Wenn der Postmann fahren lernt

Quierschied · Fünf Tage pro Woche sind die Zusteller der Post auf der Straße unterwegs. Da ist sicheres Fahren unabdingbar. Auf dem Verkehrsübungsplatz in Fischbach lernen die Post-Azubis nicht nur Fahren – sondern auch Sitzen.

 Fahrsicherheitstrainer Karl Heinz Wunn erklärt Azubi Sebastian Guht, wie er sein Postauto bei Gefahr am schnellsten zum Stehen bringt. Foto: Becker&Bredel

Fahrsicherheitstrainer Karl Heinz Wunn erklärt Azubi Sebastian Guht, wie er sein Postauto bei Gefahr am schnellsten zum Stehen bringt. Foto: Becker&Bredel

Foto: Becker&Bredel

Der schwarze Kleinwagen gibt Gas. Das Auto ist schon älter, vorne prangt ein französisches Nummernschild, die Beifahrertür ist etwas eingedellt. Jasmina Jakobs sitzt am Steuer, sie fixiert zwei Plastikstangen, die vor ihr stehen. Die Stangen kommen näher und näher. Jasmina tritt auf die Kupplung und die Bremse, so fest und schnell sie kann. Ihre Reifen bleiben stehen, quietschen, das Auto rutscht noch zehn Meter weiter. Weißer Rauch qualmt hinter dem Auto hervor, die Reifen haben zwei schwarze Bremsspuren auf den Asphalt gezeichnet. "Aaaha!", ruft Karl Heinz Wunn in sein Funkgerät. "So soll das aussehen!" Im dritten Anlauf hat Jasmina die Gefahrenbremsung geschafft.

Ständig auf der Straße

Zwei Stunden früher: Jasmina sitzt mit elf anderen Azubis der Post im Vorbereitungsraum auf dem Verkehrsübungsplatz in Fischbach. Wunn ist heute ihr Trainer. Vor den Azubis liegt ein Tag Fahrsicherheitstraining, Teil der Ausbildung bei der Post. "Denn die Zusteller sind später fünf Tage die Woche auf der Straße unterwegs", sagt Hermann Stillenmunkes, Post-Ausbilder in Saarbrücken. Im Vorbereitungsraum, einer urigen kleinen Holzhütte, erzählt Trainer Wunn, was seine Schüler heute erwartet - und was Gefahr im Verkehr bedeutet.
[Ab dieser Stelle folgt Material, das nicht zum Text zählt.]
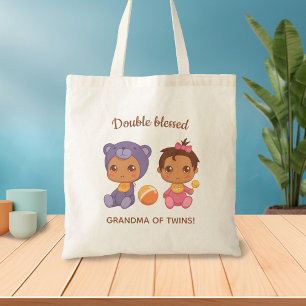 Tote Bag Grandma of Twins Baby Girl Purple Bear Jumpsuit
Seine grauen Haare wackeln, wenn er spricht. "Vor euch rennt ein Kind auf die Straße. Was machen wir?", beginnt er zu erzählen. Plötzlich springt er kurz nach vorne, versteift Hals und Hände und ruft: "Oh Gott, Kind!" Einige Azubis reißen ihre Augen auf, Wunns Gesicht bekommt einen tief rosafarbenen Ton. Dann wird er wieder ruhiger und ergänzt: "Wir erschrecken. Jeder."
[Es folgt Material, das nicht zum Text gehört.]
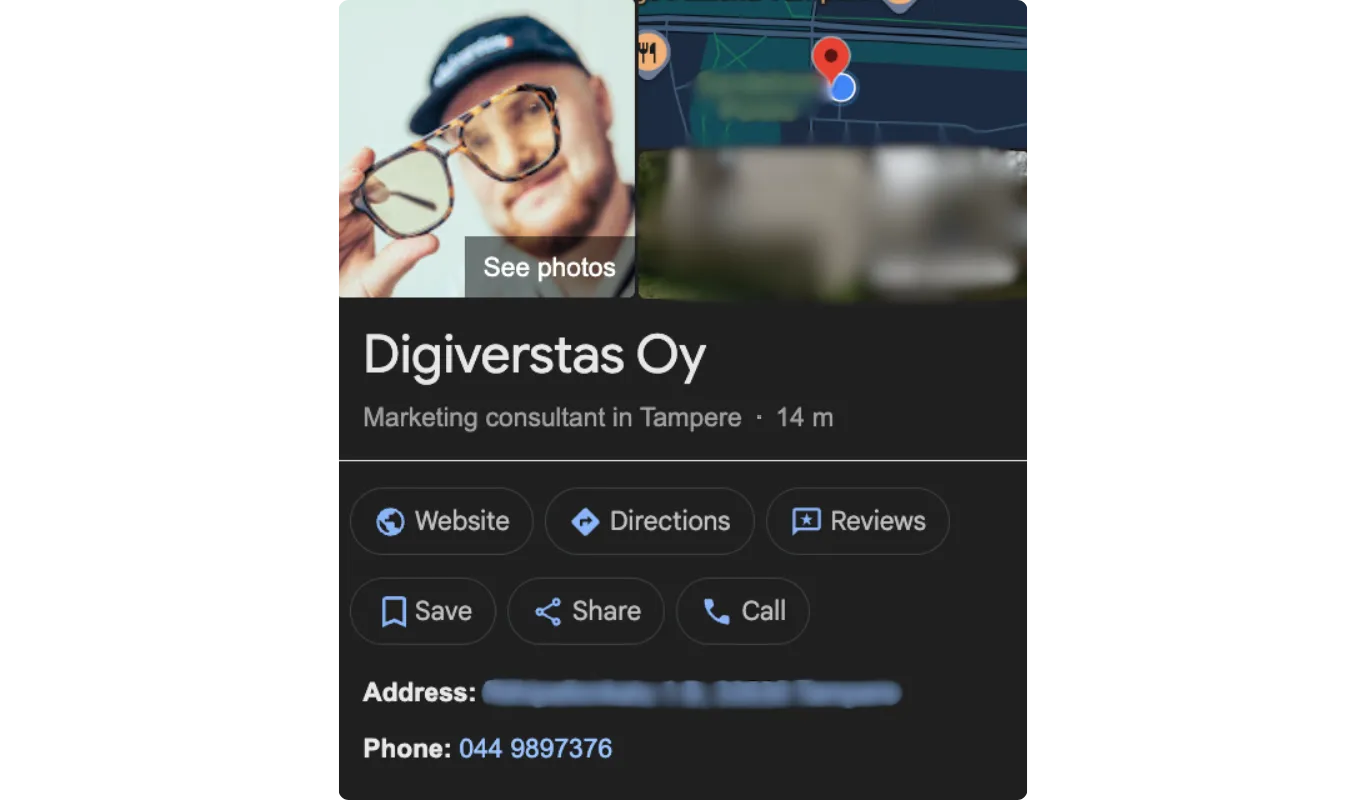 Digiverstaan Google Business Profile näkymä Google-haussa.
Aus seiner Tasche nimmt er einen kleinen blauen Ball, wirft ihn locker in die Runde der Azubis. "Wer den Ball hat, stellt sich vor", sagt er. Schnell erreicht der Ball Jasmina. Sie ist 21, hat blonde Haare, trägt eine weite Jeanshose und wohnt in Frankreich. "Ich bin nicht gern Auto gefahren", sagt sie. "Denn Autofahren tötet Menschen." "Sind es nicht die Menschen, die töten?", fragt Wunn zurück. Jasmina hatte vor zwei Jahren fast einen Unfall und lange furchtbare Angst. Seit einem Jahr lebt sie aber fast in ihrem Auto, wie sie sagt.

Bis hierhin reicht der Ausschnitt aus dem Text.